Regardless of whether he does or does not sound like a shill ... how do we extend this to things like:

- Pointing out Nimby's in SF housing markets? - Calling someone a salesperson/marketer/advertiser (which I view as offensive...but is often highly-accurate/true) - Pointing out the self-interest in boosters talking up tech/bitcoing/etc

Indeed, in many of these recent observances of "personal attacks", what I view as actually happening is silently assenting to the worldview of an original poster/article and protecting that worldview.

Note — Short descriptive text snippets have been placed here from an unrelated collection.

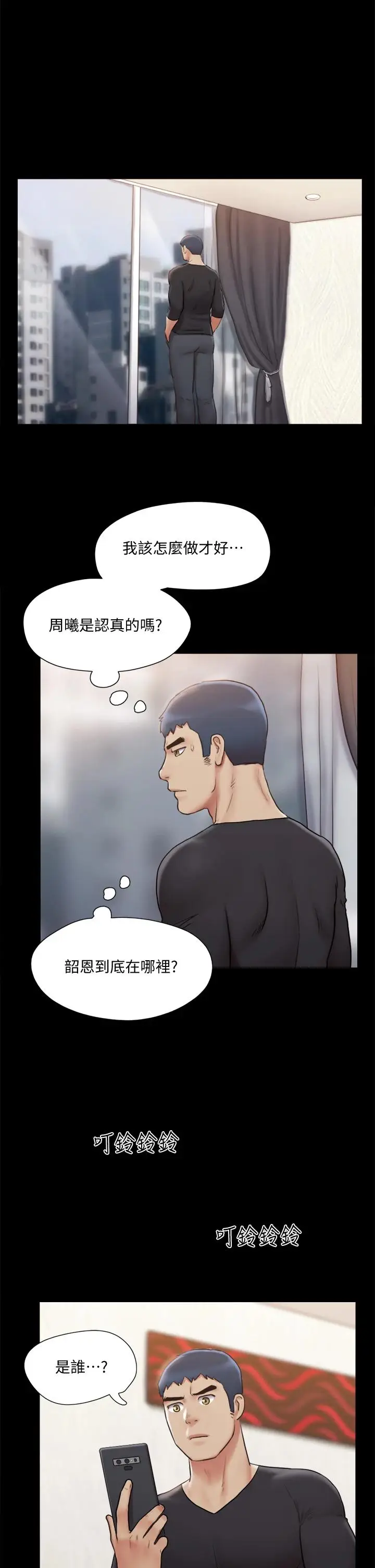 漫画《协议换爱》第111话第26张图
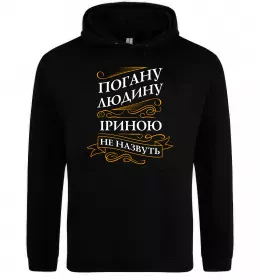 Женская толстовка (худи) Женская толстовка (худи)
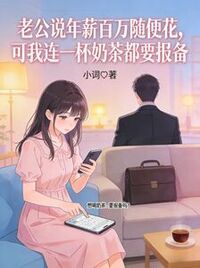 老公说年薪百万随便花，可我连一杯奶茶都要报备在线阅读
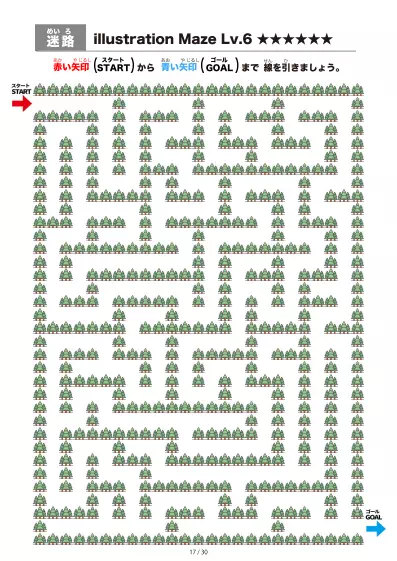 「林（woods)の間を進む迷路（LV6)」林（woods)の間を進む迷路（LV6)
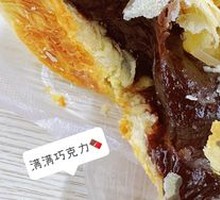 巧克力烧饼
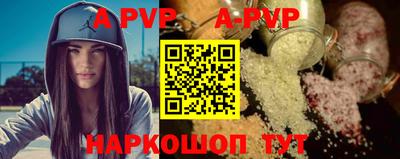 дмт Рузаевка
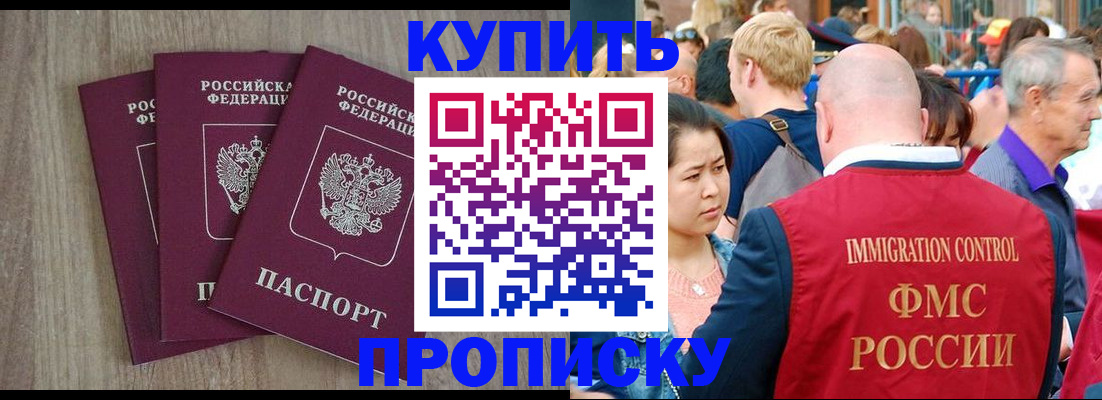 прописка для работы в Малгобеке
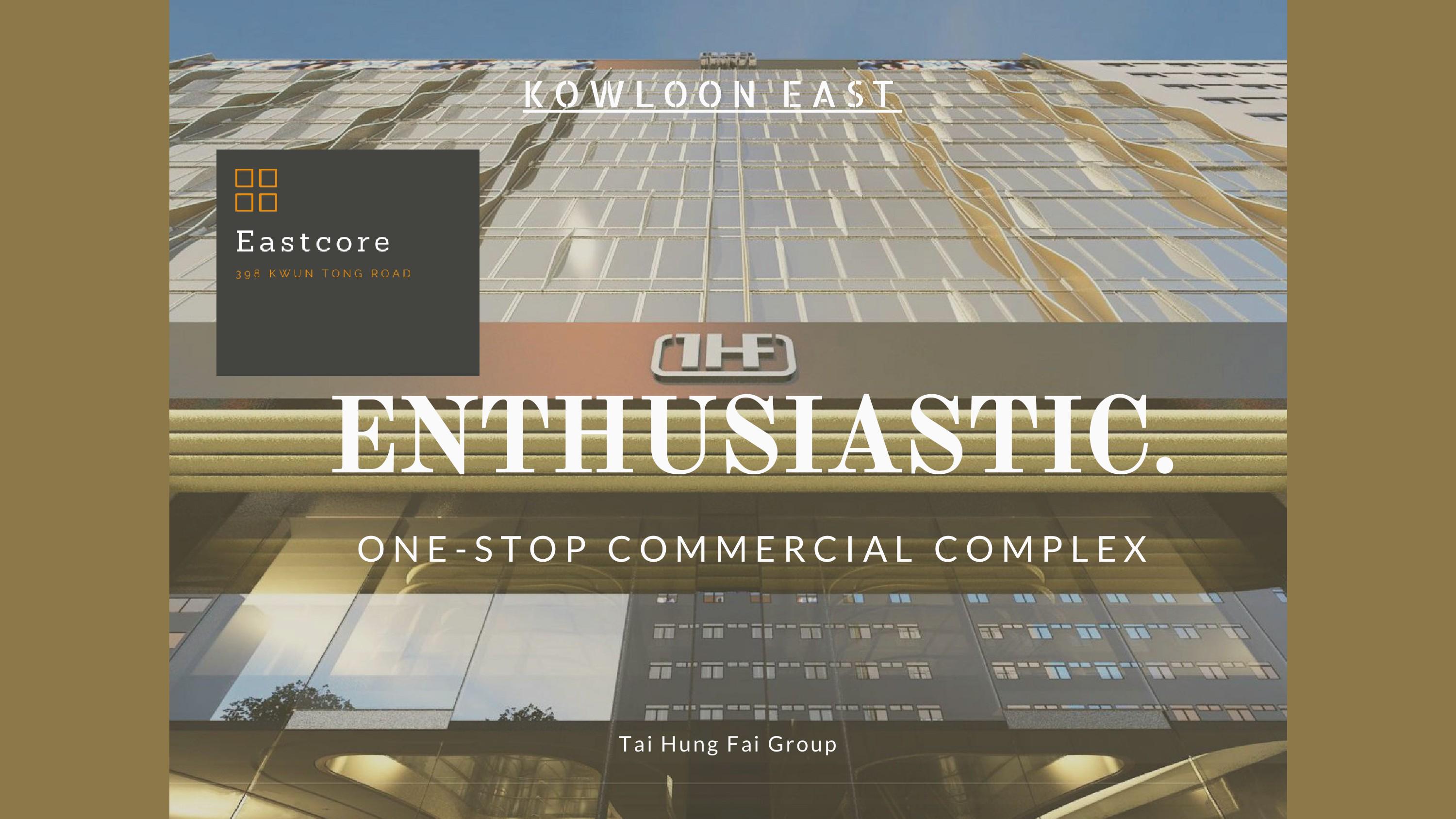 Eastcore｜Office Property | Centaline Commercial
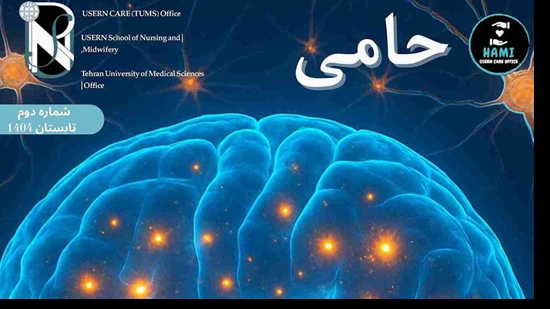 نشریه حامی/شماره دوم/تابستان 1404 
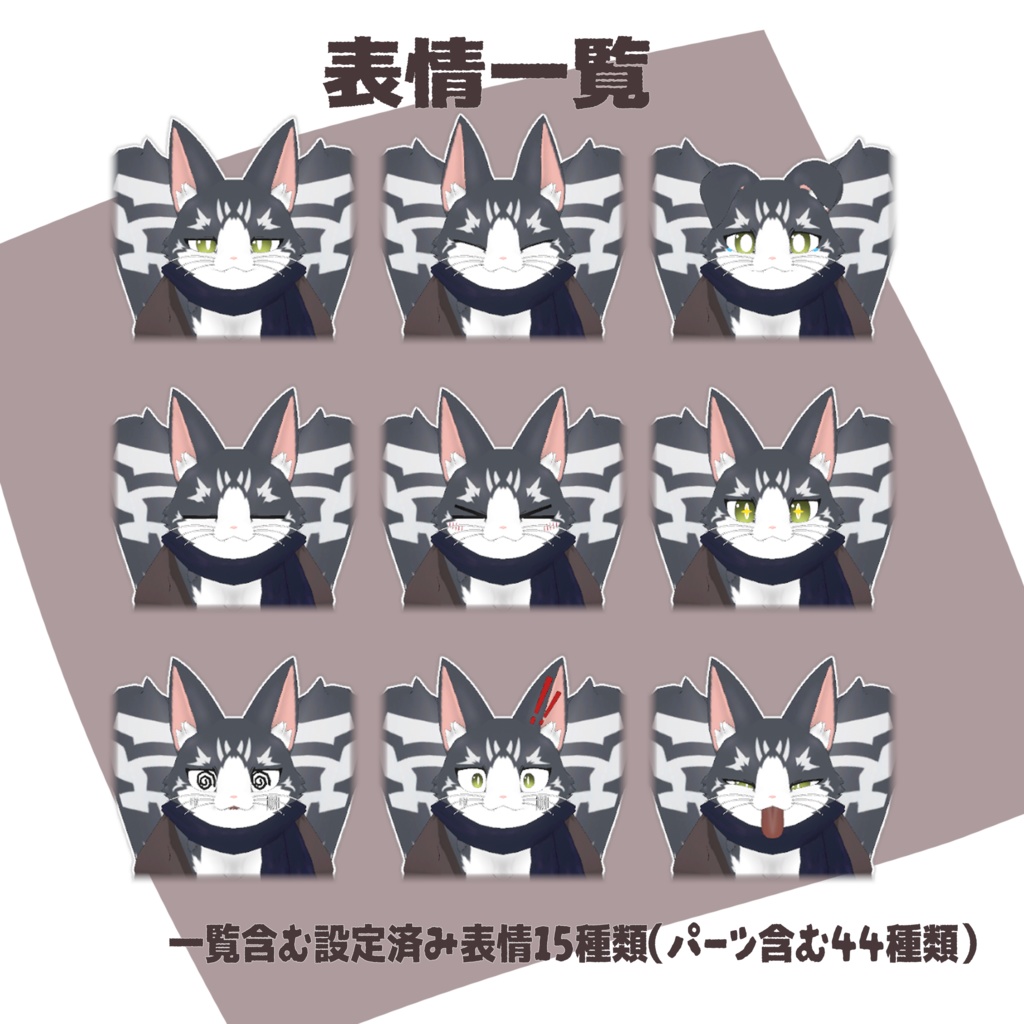 【オリジナル3Dモデル】ジジ(IFの姿)(Zizi If Ver)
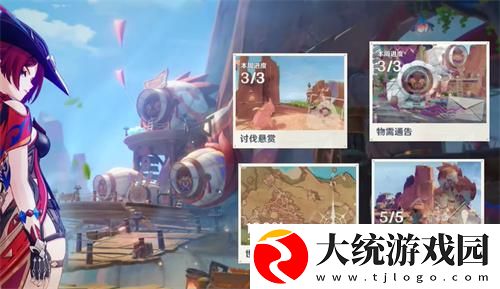 原神纳塔风之翼怎么获得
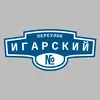 Адресная табличка переулок Игарский на дом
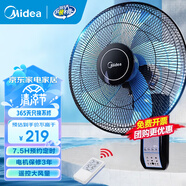 美的（Midea） 壁扇壁掛式電風(fēng)扇家用餐廳風(fēng)扇遙控/機械掛扇墻壁工業(yè)搖頭掛式大風(fēng)扇節能宿舍辦公室車(chē)間商超 五葉遙控款FW40-11AR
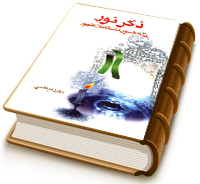 ذکر نور در حضور مشتاقان ظهور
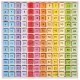 Tabla inmultirilor - BigJigs Tabla inmultirilor - BigJigs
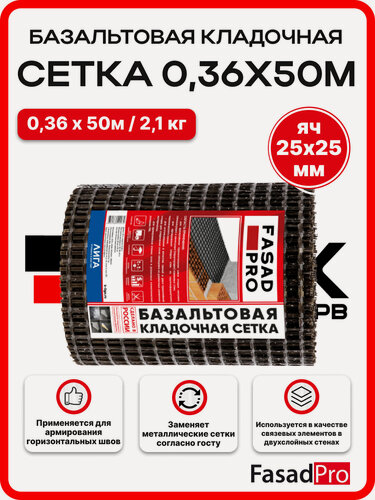 Изображение товара Сетка базальтовая кладочная FasadPro 25х25 мм, 0,36х50 м, 50/50 кН/м, Л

Contrary opinions or valuations or interpretations of events are taken as "personal attacks", which can be really quite repugnant when, sometimes, the more morally questionable/civilised position is in fact that of protecting the right to point out that which probably should be attacked in any reasonable discussion/society in the first place: (say, saying Theranos looks like a bunch of scammers/grifters, various startups and SF culture looks eerily like the past practiecs of get-rich-quick-schemes and boosterism)...



If you want to, it's actually pretty easy to respond substantively to the wrongness in another comment without calling names or attacking the commenter personally. Besides being easy, it makes your response more credible. So I don't think there's a tradeoff here—just bad habits that we all need to grow out of.

What civility does demand is a willingness to forego the pleasures of venting and lashing out at what (and who) one dislikes. That can be hard to do when something we read sets off a pre-existing opinion or emotion. But doing it has a vast effect on discussion quality, so it's necessary.

> Indeed, in many of these recent observances of "personal attacks", what I view as actually happening is silently assenting to the worldview of an original poster/article and protecting that worldview.

It's hard to respond to a generality like that but I'm pretty sure that we're not assenting to or protecting specific worldviews when we ask people to be civil on this site. It's tempting to see the moderation that way because the cases you dislike are the ones you'll tend to notice more. But getting moderation right requires asking everyone to hold to the same standard regardless of what we personally happen to agree with. We're not perfect at that but we do try hard, and hopefully improve with practice.